FIG. 2B schematically depicts a partial cross-sectional view of another embodiment of the battery pack frame taken along line II-II of FIG. 1, according to one or more embodiments described and illustrated herein;
FIG. 2C schematically depicts a partial cross-sectional view of another embodiment of the battery pack frame taken along line II-II of FIG. 1, according to one or more embodiments described and illustrated herein;
FIG. 3 schematically depicts a partial cross-sectional view of the battery pack frame taken along line III-III of FIG. 1, according to one or more embodiments described and illustrated herein;
FIG. 4 schematically depicts a partial cross-sectional view of another embodiment of the battery pack frame along line IV-IV of FIG. 1, according to one or more embodiments described and illustrated herein;
FIG. 5 schematically depicts a partial cross-sectional view of another embodiment of the battery pack frame of taken along line III-III of FIG. 1, according to one or more embodiments described and illustrated herein;
FIG. 6A schematically depicts a partial cross-sectional view of another embodiment of the battery pack frame of FIG. 2A, according to one or more embodiments shown and described herein;
FIG. 6B schematically depicts a partial cross-sectional view of another embodiment of the battery pack frame of FIG. 2B, according to one or more embodiments shown and described herein; and
FIG. 6C schematically depicts a partial cross-sectional view of another embodiment of the battery pack frame of FIG. 2C, according to one or more embodiments shown and described herein.
DETAILED DESCRIPTION
Embodiments described herein are generally directed to vehicular battery pack frame assemblies having reinforcing inserts and foam material disposed within a cavity of the battery pack frame assembly. The reinforcing insert may provide additional rigidity to the battery pack frame of the vehicle, such that, in the event of a crash, the crash load is more evenly distributed between the insert and the battery pack frame. The foam material may be utilized to secure the insert within the cavity of the battery pack frame, and may further act to provide additional rigidity to the battery pack frame.

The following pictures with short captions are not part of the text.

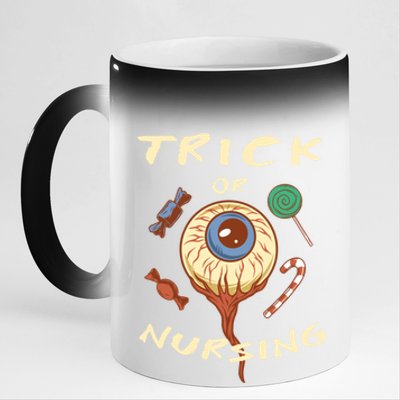 Trick Or Nursing Halloween Er Nurse Scary Emergency Nurse Gift 11oz Black Color Changing Mug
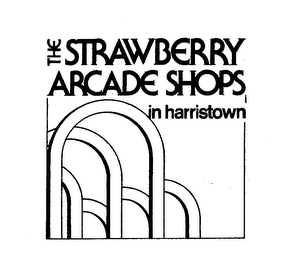 THE STRAWBERRY ARCADE SHOPS IN HARRISTOWN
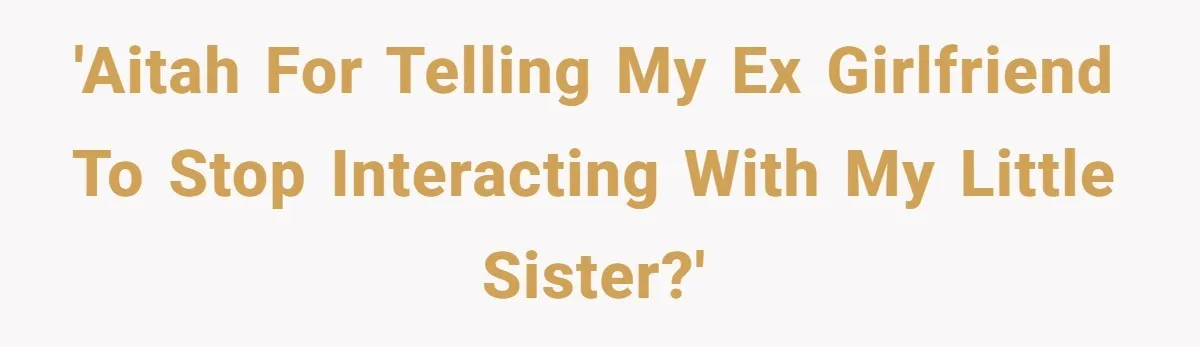 'AITAH for telling my ex girlfriend to stop interacting with my little sister?'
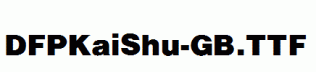 DFPKaiShu-GB.ttf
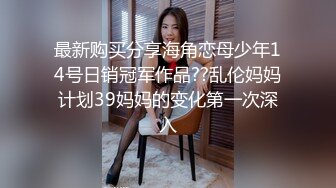 最新购买分享海角恋母少年14号日销冠军作品??乱伦妈妈计划39妈妈的变化第一次深入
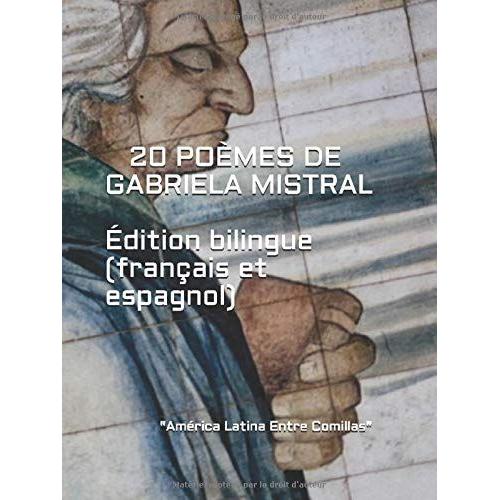 20 Poèmes De Gabriela Mistral: Edition Bilingue (Français Et Espagnol)
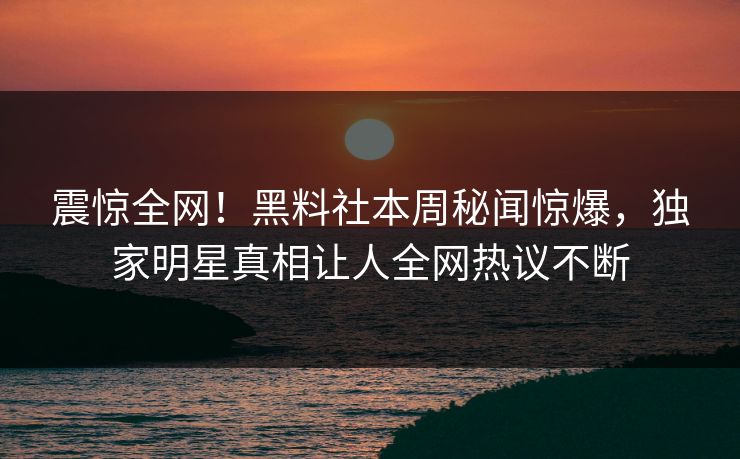 震惊全网！黑料社本周秘闻惊爆，独家明星真相让人全网热议不断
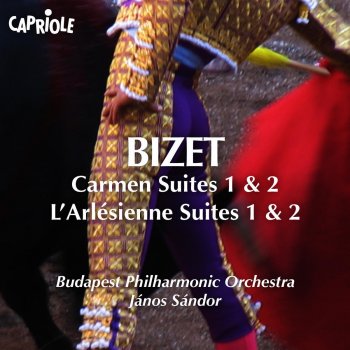 Исполнитель Budapest Philharmonic Orchestra feat. Janos Sandor, альбом Bizet, G.: Carmen Suites Nos. 1, 2 - L'Arlesienne Suites Nos. 1, 2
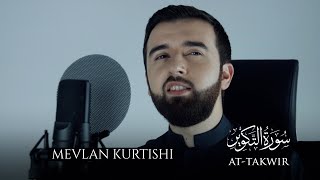 Mevlan Kurtishi  At Takwir سورة التكوير [upl. by Rossie944]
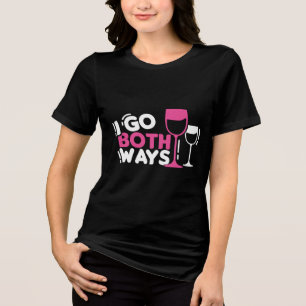 I Go Both Ways Funny Wine Tri-Blend Shirt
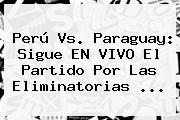 <b>Perú Vs</b>. <b>Paraguay</b>: Sigue EN VIVO El Partido Por Las Eliminatorias <b>...</b>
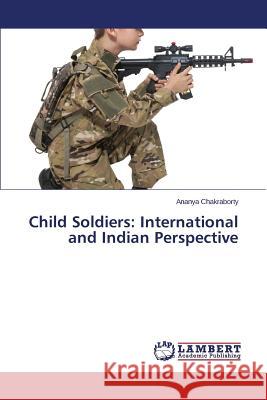 Child Soldiers: International and Indian Perspective Chakraborty Ananya 9783659616723 LAP Lambert Academic Publishing - książka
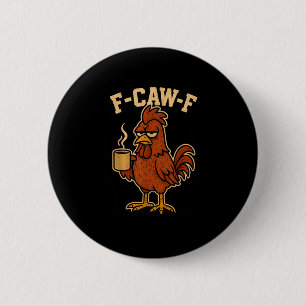 F-Caw-F Kaffee Huhn Hahn Lustiger Vogel Button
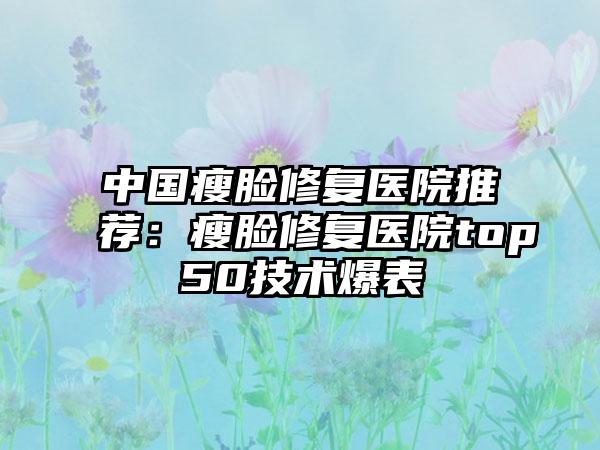 中国瘦脸修复医院推荐：瘦脸修复医院top50技术爆表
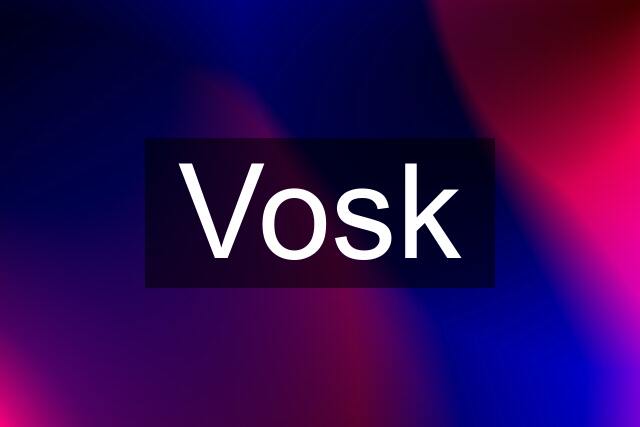 Vosk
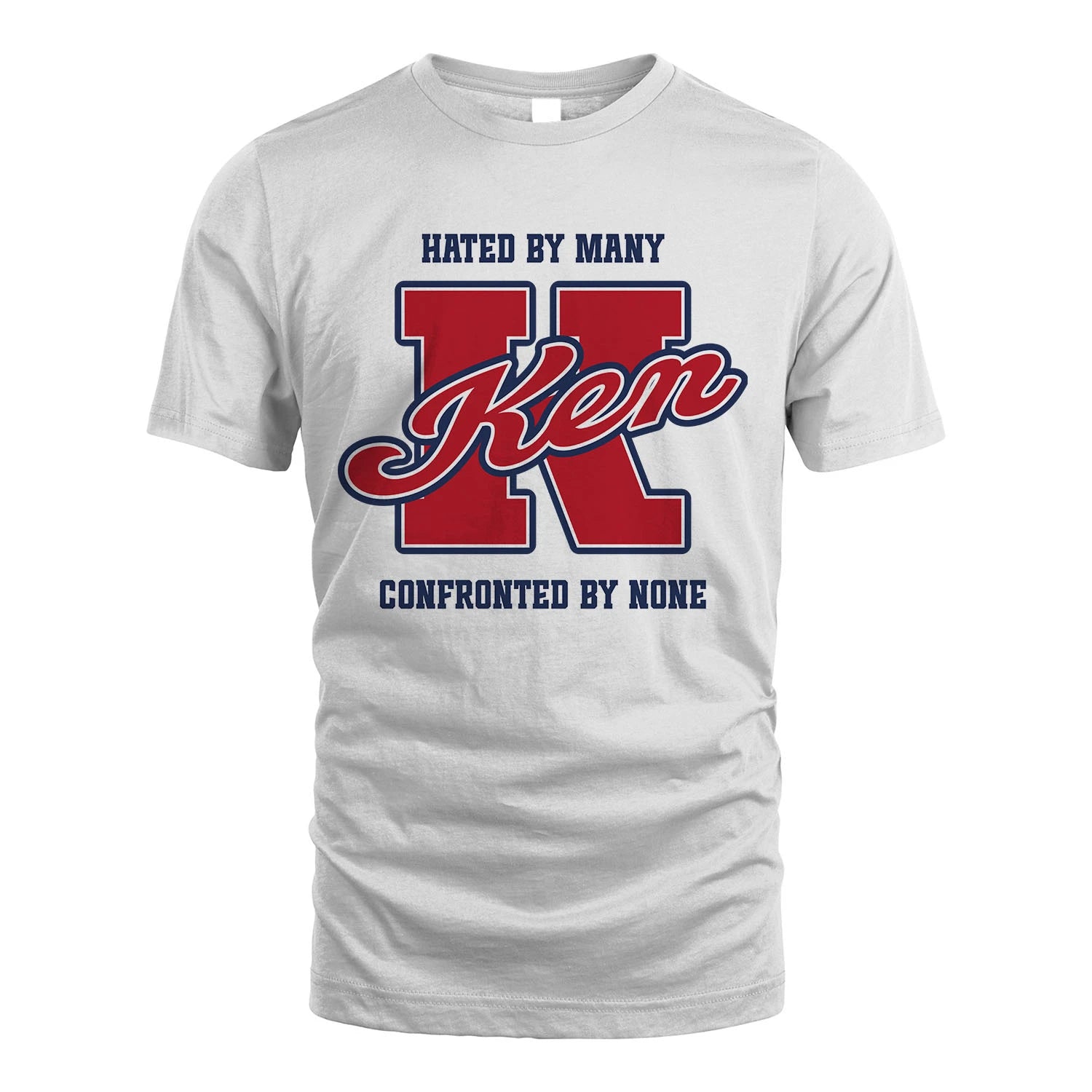 Hated By Many Confronted By None Personalized Name Shirt KEN M1-8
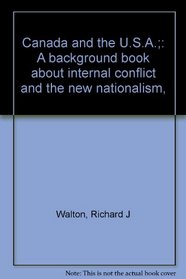 Canada and the U.S.A.;: A background book about internal conflict and the new nationalism,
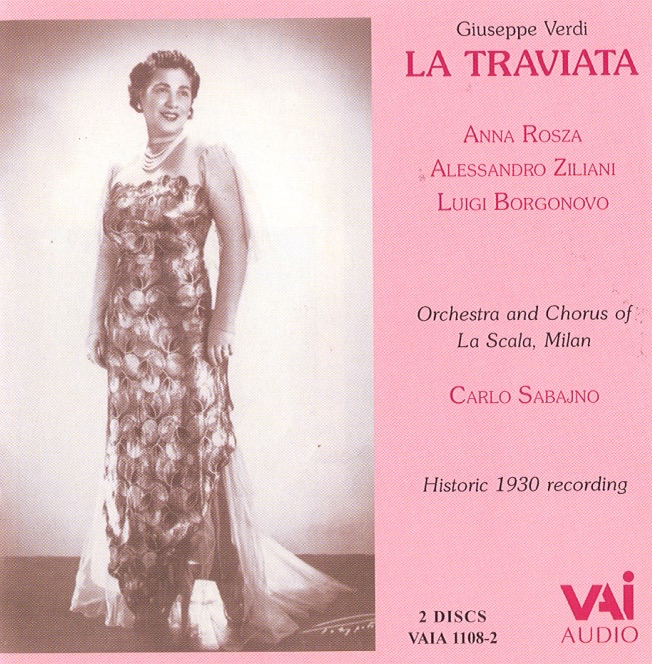 Verdi: La Traviata - La Scala - Sabajno (1930) by Anna Rosza, Alessandro Ziliani, Luigi Borgonovo, Teatro Alla Scala Orchestra, Chorus of La Scala, Milan & Carlo Sabajno album cover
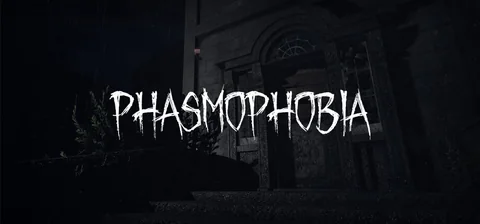 Phasmophobia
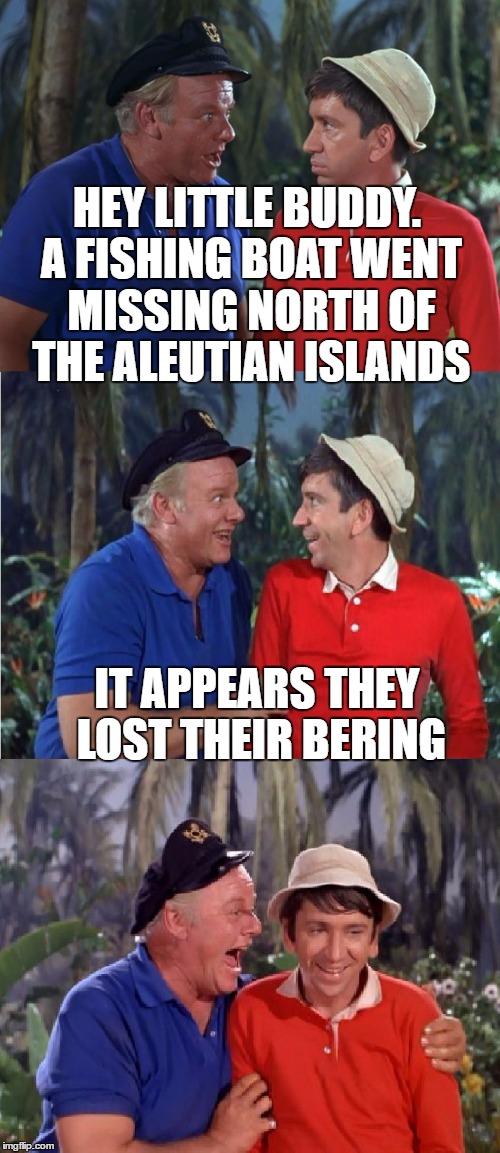 Lost in Alaska | HEY LITTLE BUDDY. A FISHING BOAT WENT MISSING NORTH OF THE ALEUTIAN ISLANDS; IT APPEARS THEY LOST THEIR BERING | image tagged in gilligan bad pun,memes,gilligan's island,fishing,bering sea,bad pun | made w/ Imgflip meme maker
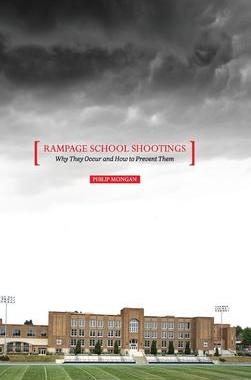 [预订]Rampage School Shootings: Why They Occur and How to Prevent Them 9781516577958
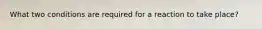 What two conditions are required for a reaction to take place?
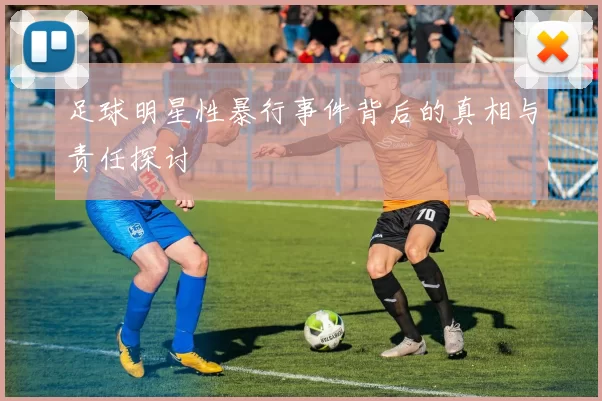足球明星性暴行事件背后的真相与责任探讨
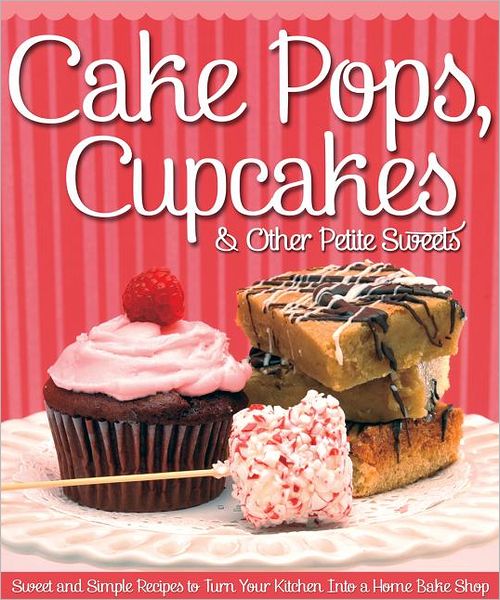 Cover for Peg Couch · Cake Pops, Cupcakes &amp; Other Petite Sweets (Paperback Book) (2012)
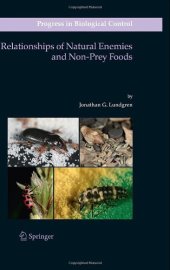 book Relationships of Natural Enemies and Non-prey Foods (Progress in Biological Control)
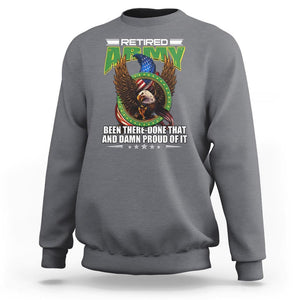 Retired Army Sweatshirt Been There Done That And Damn Proud Of It Retirement Military Veteran TS09 Charcoal Print Your Wear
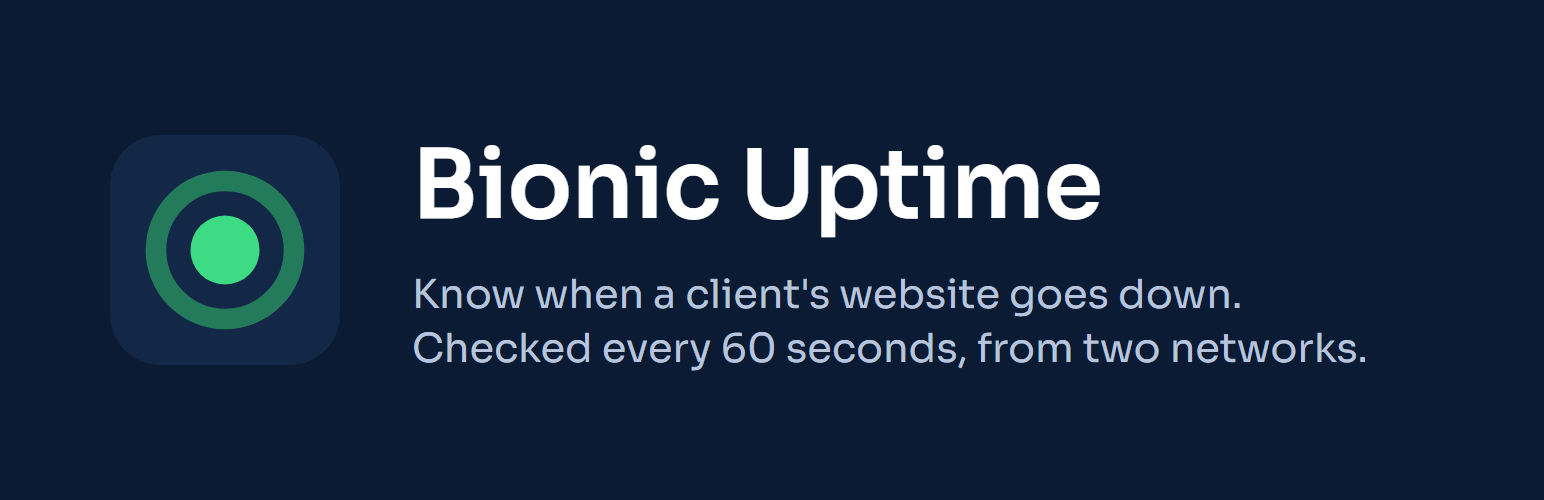 Bionic Uptime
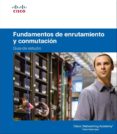 PRINCIPIOS DE ROUTING SWITCHING (CCNA 2) di VV.AA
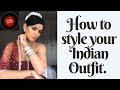 HOW TO STYLE YOUR INDIAN OUTFIT SUREET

As will be described in additional detail herein, the battery pack frame assemblies include a front cross member, a rear cross member, and a pair of side cross members extending between the front cross member and the rear cross member. Each of the pair of side cross members include a pair of sidewalls, a top wall, and a bottom wall, with the pair of side walls, the top wall, and the bottom wall defining the cavity of the battery pack frame. The insert is disposed within the cavity, and includes a plurality of ridges and a plurality of valleys.
Various embodiments of battery pack frame assemblies are described in detail below. Whenever possible, the same reference numerals will be used throughout the drawings to refer to the same or like parts.
Referring now to FIG. 1, a vehicle V having a battery pack frame assembly 1 is illustrated. As illustrated in FIG. 1, the battery pack frame assembly 1 may include a battery pack frame 10 and a plurality of batteries B disposed within the battery pack frame 10. The battery pack frame 10 may include a front cross member 12, a rear cross member 14, and a pair of side cross members 16 that extend between ends of the front cross member 12 and the rear cross member 14. As depicted in FIG. 1, the front cross member 12 may be arranged downstream (e.g., in the −x-direction as depicted in the coordinate axis of FIG. 1) from the rear cross member 14, but it should be understood that the front cross member 12 and the rear cross member 14 may similarly be arranged in a reversed orientation (e.g, the rear cross member 14 being arranged downstream of the front cross member 12) without departing from the scope of the present disclosure. In these embodiments, the front cross member 12, the rear cross member 14, and the pair of side cross members 16 may be formed of aluminum, steel (e.g., cold rolled steel) or any similar material.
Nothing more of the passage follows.